Was Andre Agassi Right After All?

It was in 1990 that Andre Agassi uttered the famous line “image is everything” in an ad campaign for Canon.  As reported in his autobiography Open, he hated the tagline and the furor that came with it.  Once he spoke the words, he became symbolic of a culture that prized form over substance.

Twenty three years later, Marissa Mayer, the still fairly new CEO of Yahoo! adopts a sexy pose inVogue and people lose their minds.  It’s as if one provocative photograph can override a stellar career of corporate and technical accomplishment.  Maybe it can.

Lately, I’ve been contemplating the ongoing phenomenon of form over substance.  Today, I was asked to teach a leadership course.  “Who says I know how to lead?” I asked the person who was gracious enough to invite me.  “Well,” she wrote back, “it looks like you can and appearance is reality.” She may have a point.

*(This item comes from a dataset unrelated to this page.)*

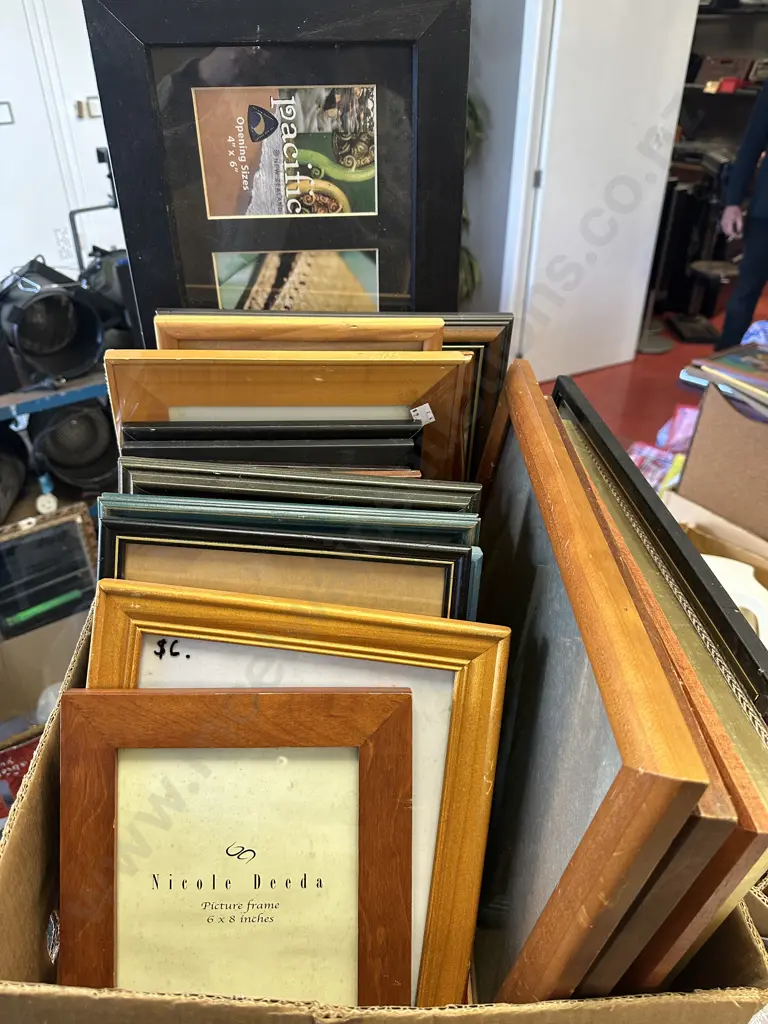 Box Lot Assorted Frames Image 1++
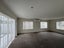 15 Brashier Circle, Sunnyvale, Auckland - Carousel 4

I don’t think people pay as much attention as they should to appearances.  They’re taught to do, rather than worry about what they look like doing.  The prevailing sentiment seems to be “as long as the work gets done, who cares what people think?”

The problem is that it does matter.  People, particularly in the confines of a workplace, form opinions based upon appearance, rather than substance.  If someone comes in at 9:30, rather than at 9:00, they are labeled a slacker by people who aren’t around to see that person leave at 7:00 in the evening.  Perception becomes reality.  And people pay too little attention to the perception they are creating in others.

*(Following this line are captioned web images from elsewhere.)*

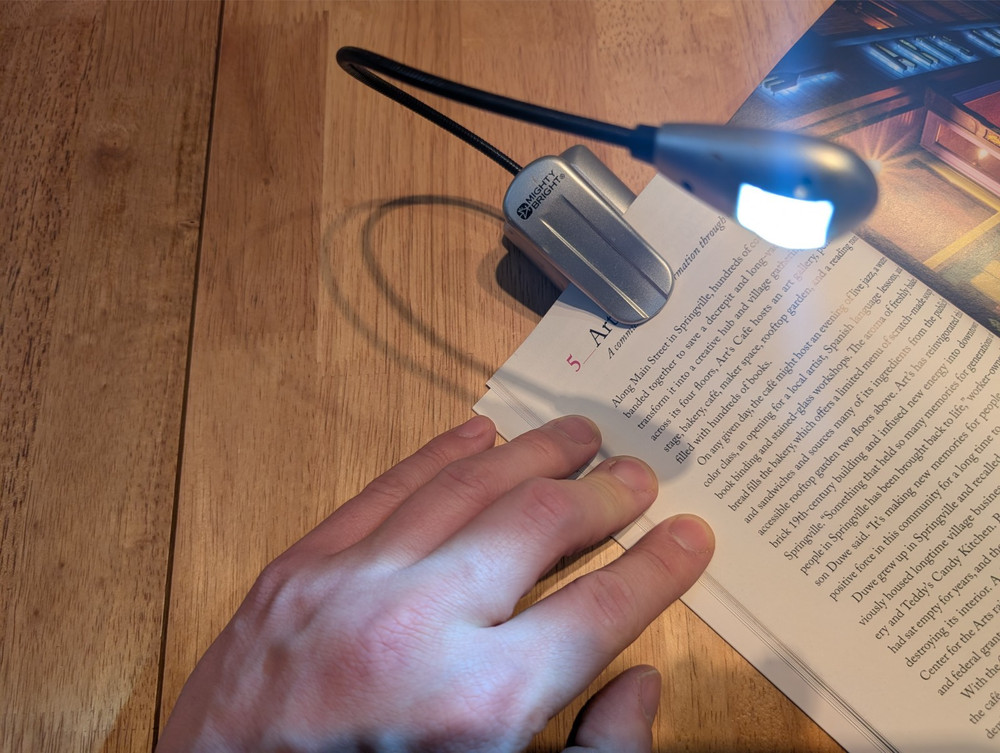 Mighty Bright Book Light Flexible Arm Battery On Off Switch Silver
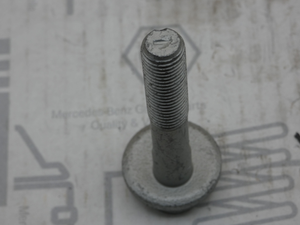 Original Mercedes-Benz Exzenterschraube Spurstange an Hinterachsträger. SLK, C-Klasse, CLK 4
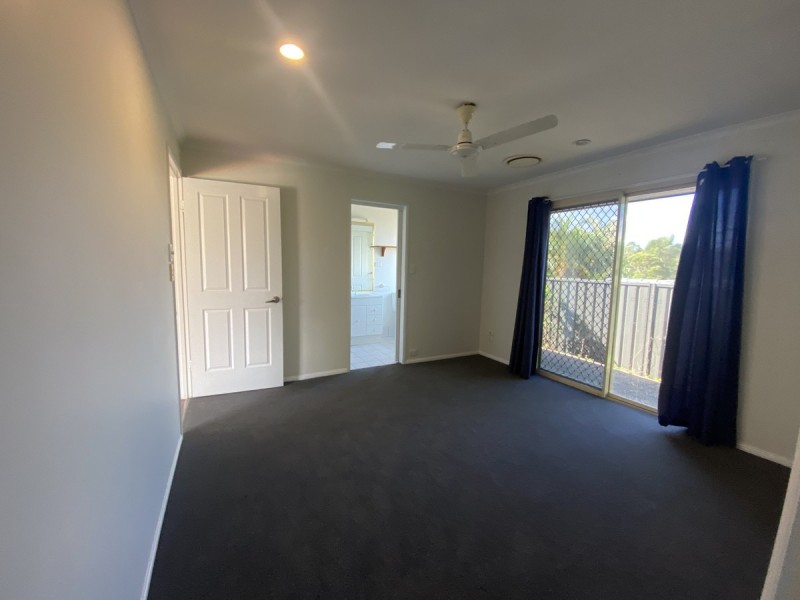 22 Queen Elizabeth Drive, Eatons Hill QLD 4037
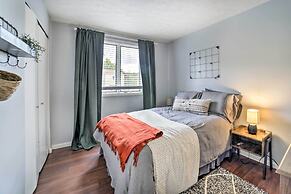 Pittsburgh Retreat w/ Deck ~ 4 Mi to Dtwn!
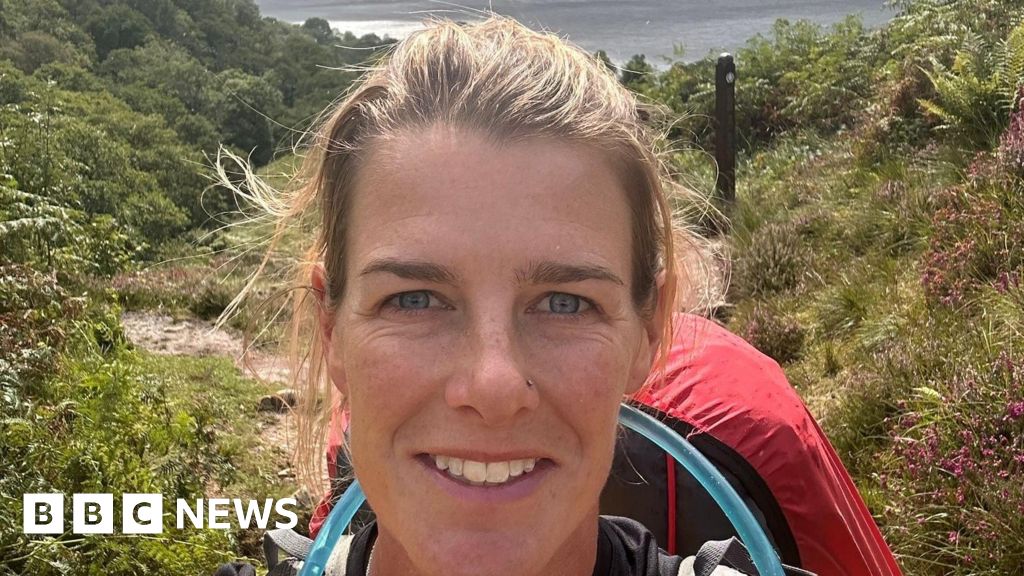 Ex-Worcester cricketer in charity walk after anorexia battle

If it is important to demonstrate that the company is being well led by an engaged and attentive team, working from home is not the way to do it.  If it is important to demonstrate work ethic, working odd hours is not the way to do it.

It’s funny.  Marissa Mayer made waves disparaging work-from-home arrangements because of appearances.  She’s getting raked over the coals because she forgot her own lesson.